Beginning with the line that holds "Lilis en flor", write out each line exactly as it stands until the end of the data, and include no pictures.
*** Opening DATA SECTION ***
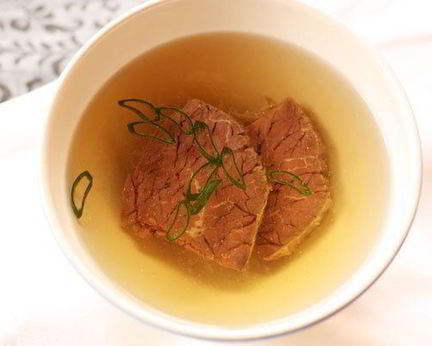 Ароматный говяжий бульон с гвоздикой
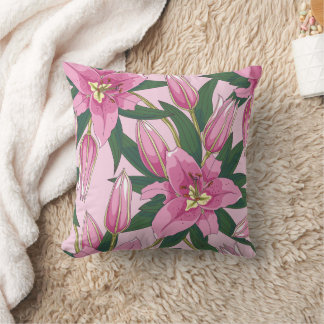 Lilis en flor en Cojín decorativo rosado pastel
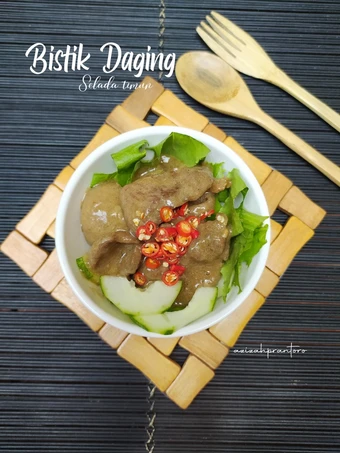 Langkah Mudah untuk Menyiapkan Resep Bistik daging sapi selada timun yang Menggugah Selera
*** Closing DATA SECTION ***
• **EXERCISE SOLUTION**
 Lilis en flor en Cojín decorativo rosado pastel
 Langkah Mudah untuk Menyiapkan Resep Bistik daging sapi selada timun yang Menggugah Selera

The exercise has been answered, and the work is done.